[GIVEN ENTRIES]
▼

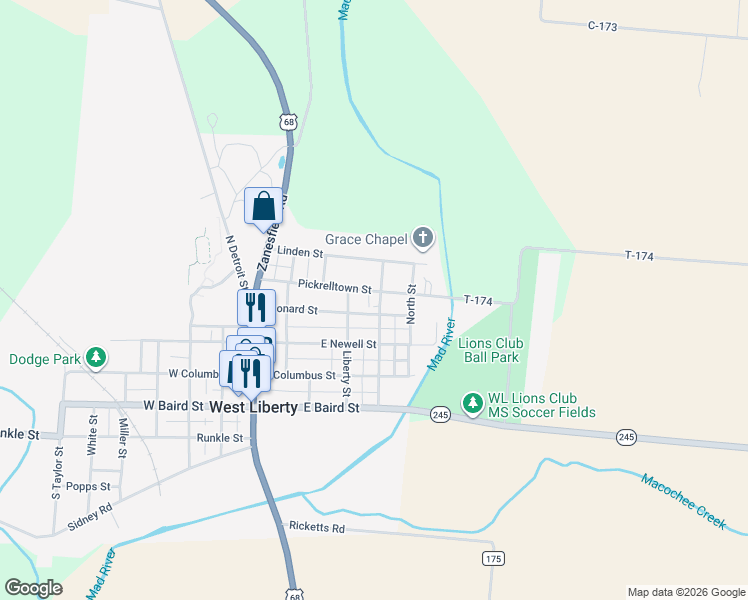 map of restaurants, bars, coffee shops, grocery stores, and more near 416 Washington Street in West Liberty
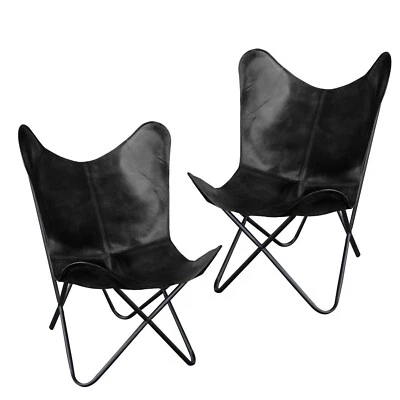 2pcs Black Buffalo Leather Butterfly Chair Folding Comfortable Relaxing Armchair - Image 1 of 4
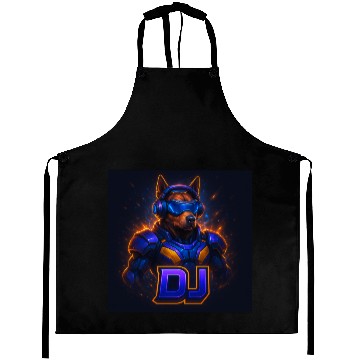 Discover "Cyberpunk DJ Dog | Futuristic Style with a Doggy2 Aprons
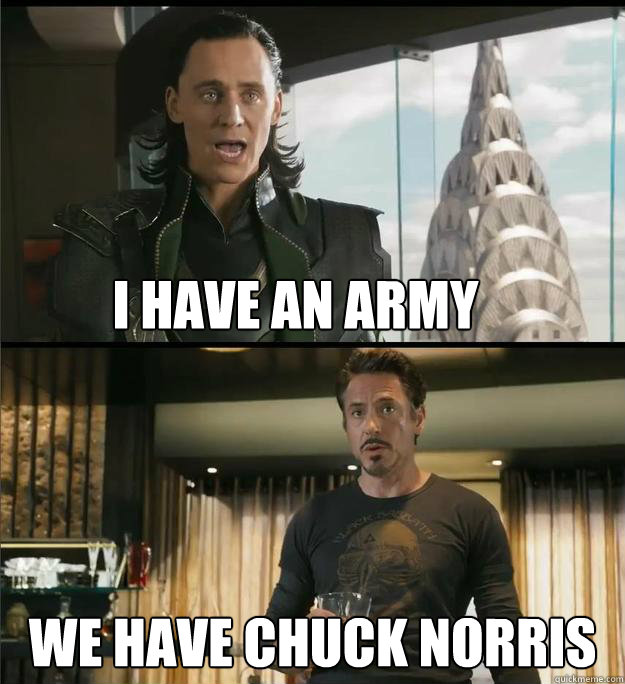 I have an army WE HAVE CHUCK NORRIS  The Avengers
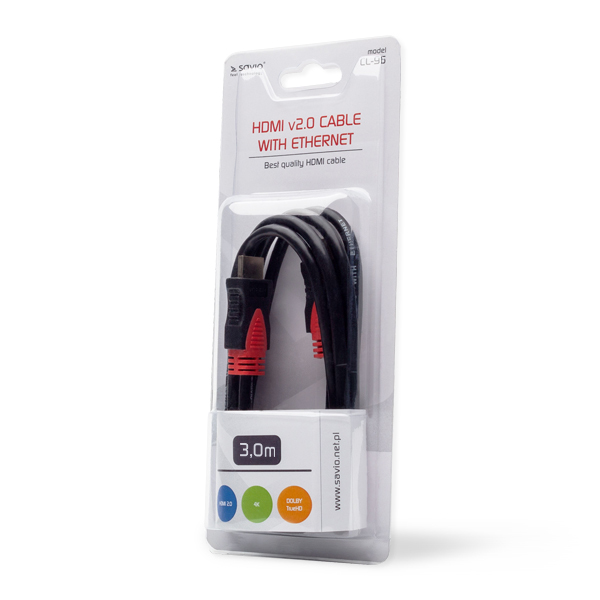 Miniatyrbild 3 av 3: Savio CL-96 HDMI-kabel 3 m HDMI Typ A (standard) Svart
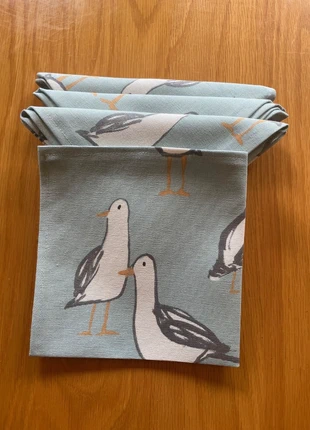 Set of 4 super cute Clarke and Clarke Seagull design fabric napkins, brand: NO LABEL, condition: New without tags, £12.00, £13.30 includes Buyer Protection Pro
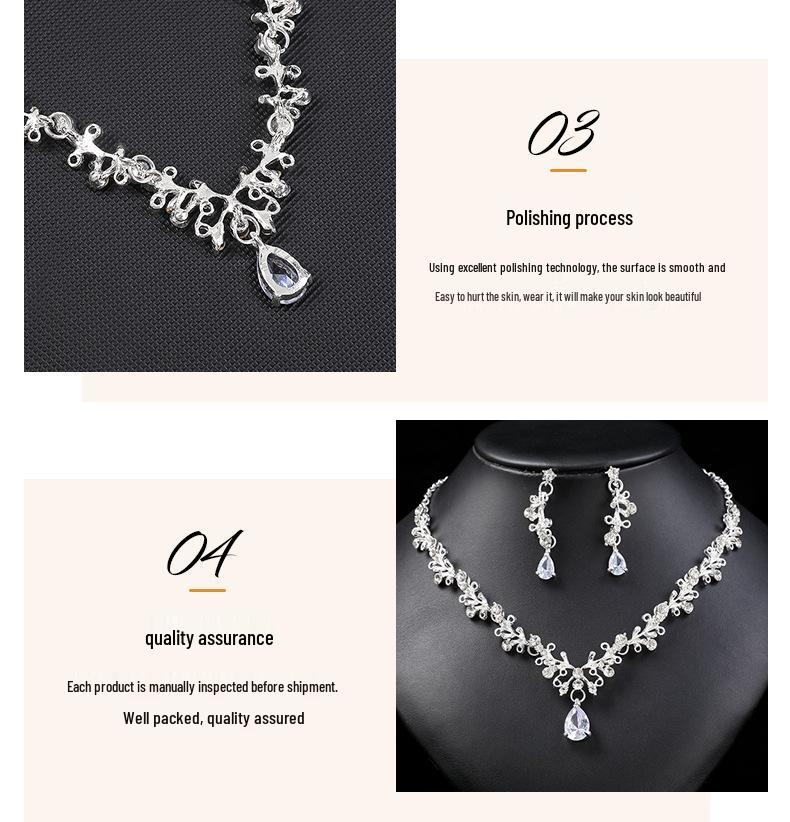 Women's Korean Bridal Necklace & Earrings Set: Zircon Crystal Diamond Clavicle Chain for Weddings & Evening Wear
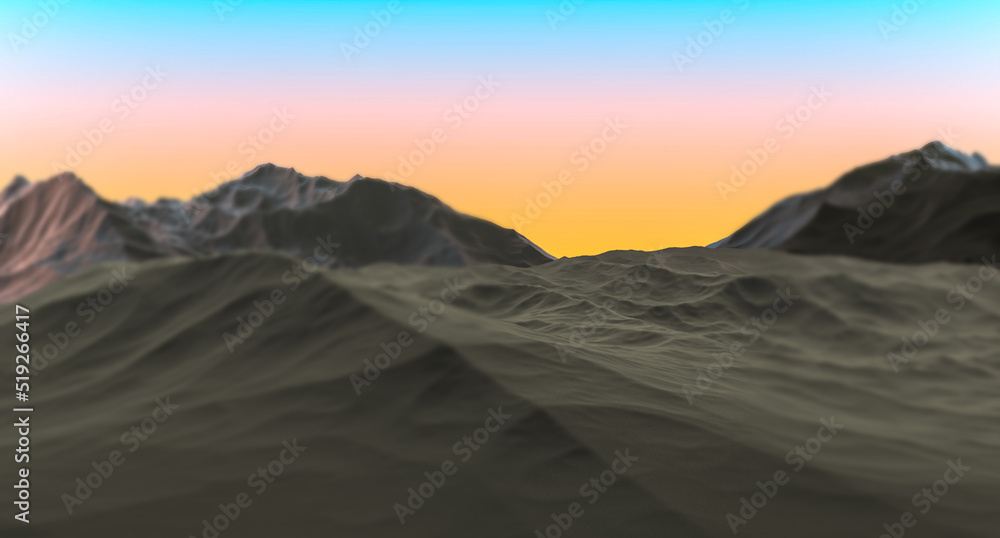 Mountain landscape at sunset, sunrise with blurred background. Relief of mountains and sky. Futuristic mountain landscape in blur. 3D render.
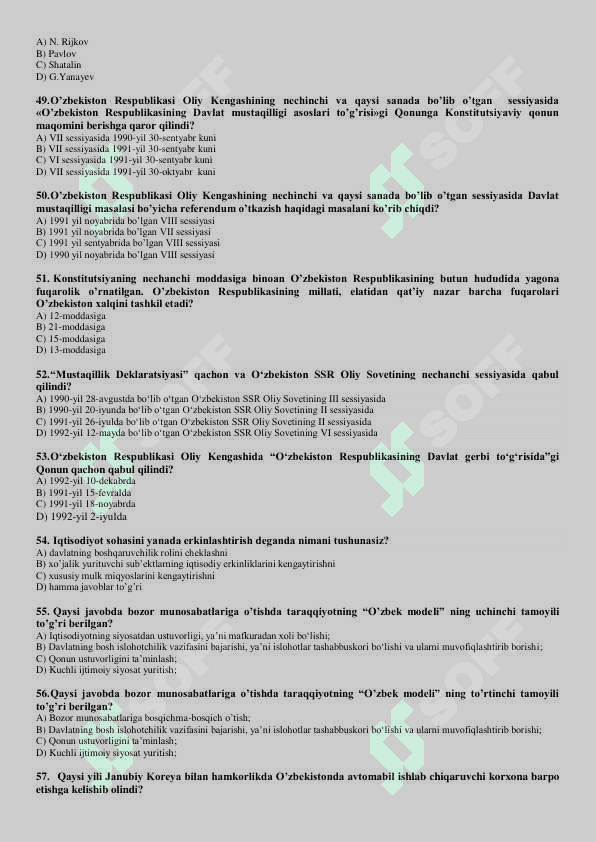 Iqtisodiyot test 6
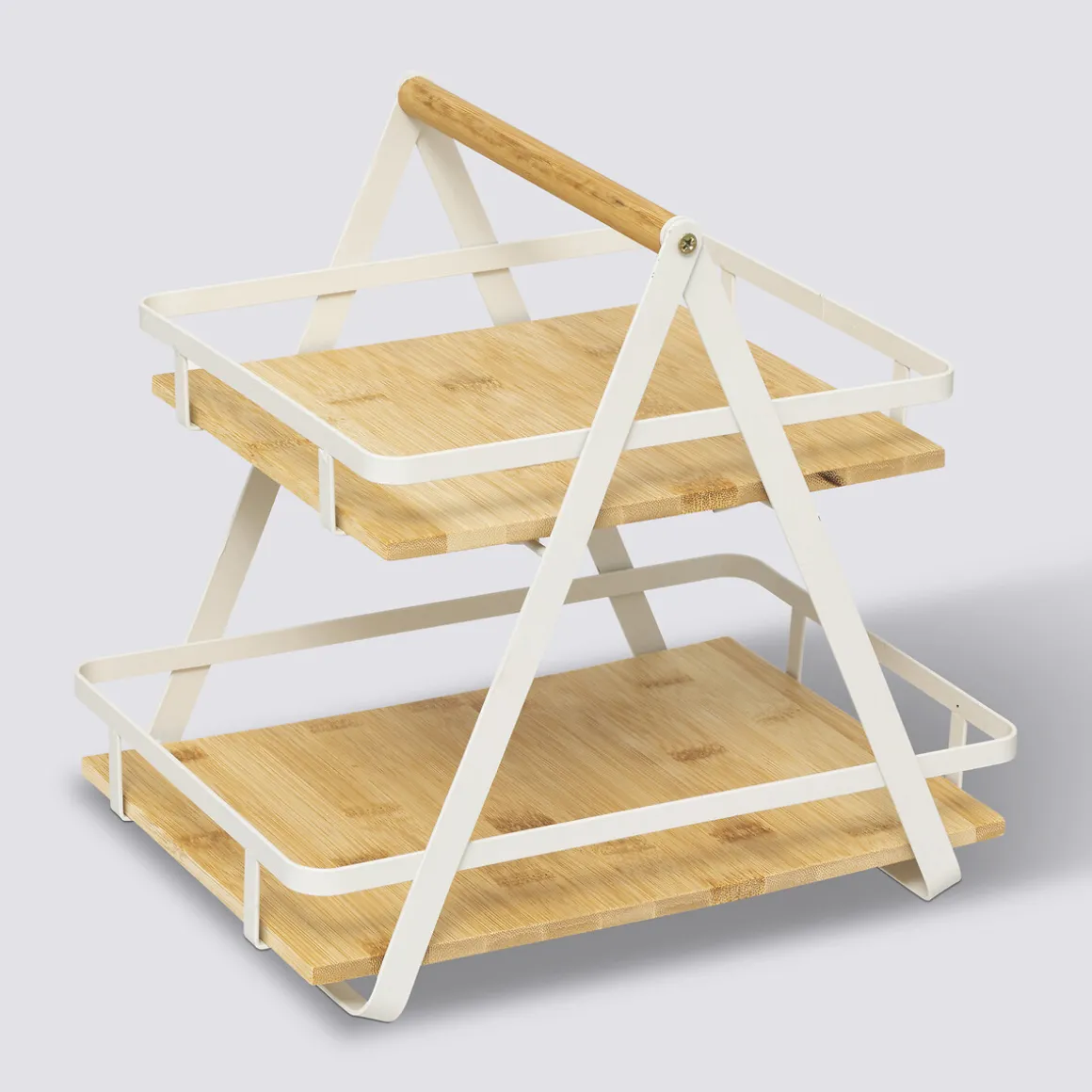 Etagère 2 niveaux avec anse, Bambou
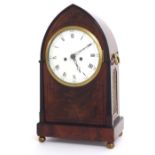 Good English mahogany double fusee lancet bracket clock, the engraved movement back plate signed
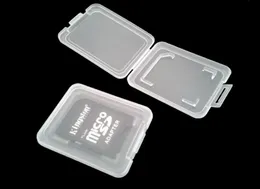 Nytt bärbart SD -kort Transparent Standard Memory Card Holder Box Cards Lagring Fodral för SD SDHC Memory Card6112536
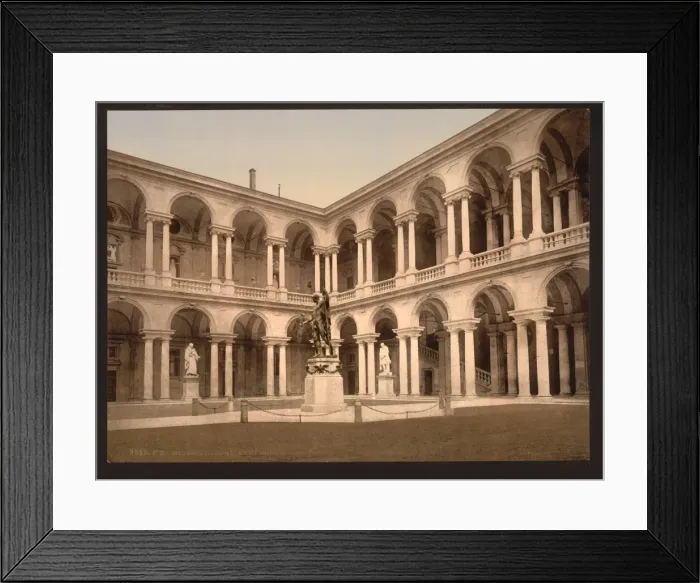 Framed Print : The Court of Brera (i. e. Brera Palace courtyard), Milan, Ita Framed Print : The Court of Brera (i. e. Brera Palace courtyard), Milan, Ita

▲

[WHAT IS BEING ASKED] Extract the run of lines from the line holding "Mountain landscape at" through the final line of the material above, exactly and inclusively. Leave the pictures behind.

[SOLUTION]
 Mountain landscape at sunset, sunrise with blurred background. Relief of mountains and sky. Futuristic mountain landscape in blur. 3D render.
 Iqtisodiyot test 6
 Etagère 2 niveaux avec anse, Bambou
 Good English mahogany double fusee lancet bracket clock, the engraved movement back plate signed
 Nytt bärbart SD -kort Transparent Standard Memory Card Holder Box Cards Lagring Fodral för SD SDHC Memory Card6112536
 Framed Print : The Court of Brera (i. e. Brera Palace courtyard), Milan, Ita Framed Print : The Court of Brera (i. e. Brera Palace courtyard), Milan, Ita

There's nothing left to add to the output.